Start of Information supplied

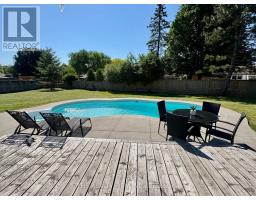 571 EVERGLADE CRESCENT - 39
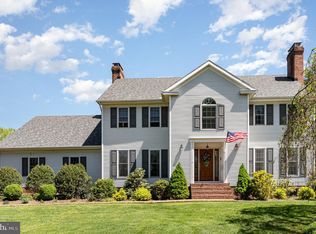 14 Eastfield Rd, Hummelstown, PA 17036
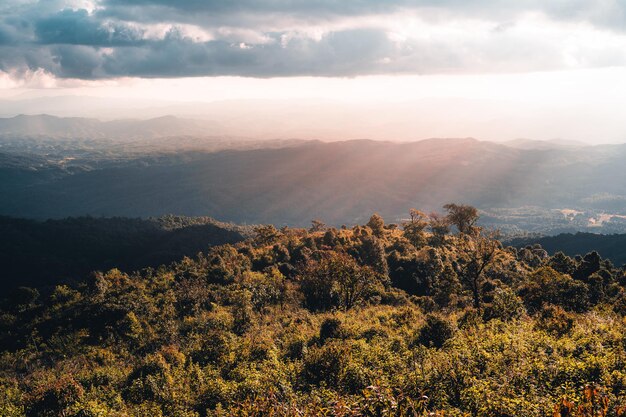 Vue panoramique sur les montagnes contre le ciel pendant le coucher du soleil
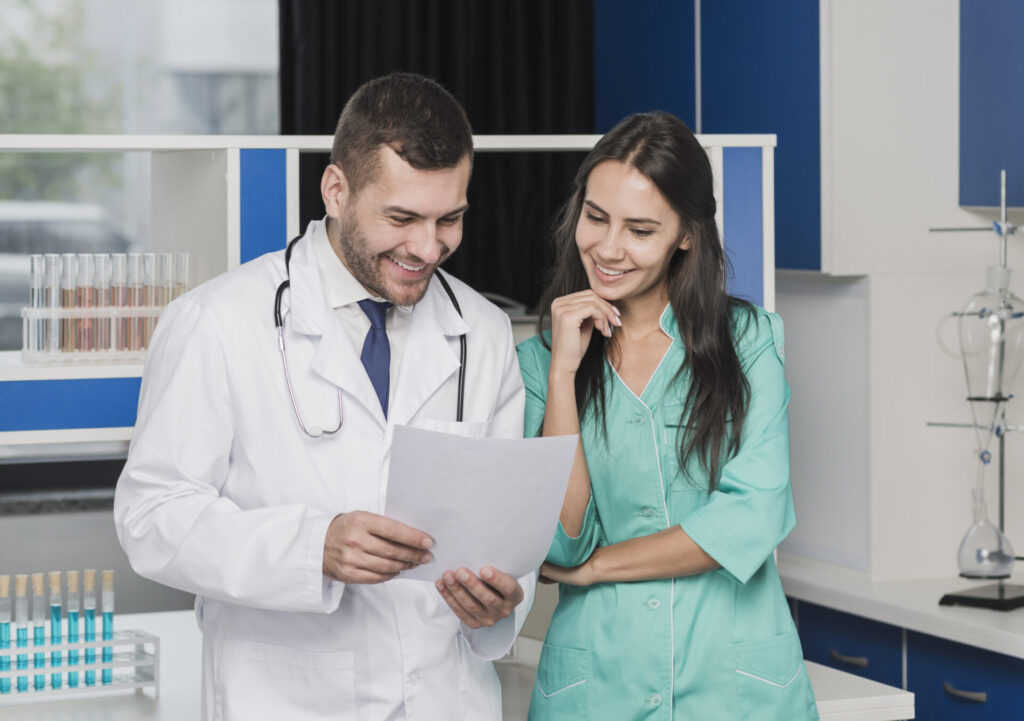 Paciente consultando com otorrinolaringologista para avaliação de desvio do septo nasal.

End of Information supplied

◆ **Exercise objective**: Would you write out the data exactly, with no pictures in the copy?

◆ **Task output**:
 571 EVERGLADE CRESCENT - 39
 14 Eastfield Rd, Hummelstown, PA 17036
 Vue panoramique sur les montagnes contre le ciel pendant le coucher du soleil
 Paciente consultando com otorrinolaringologista para avaliação de desvio do septo nasal.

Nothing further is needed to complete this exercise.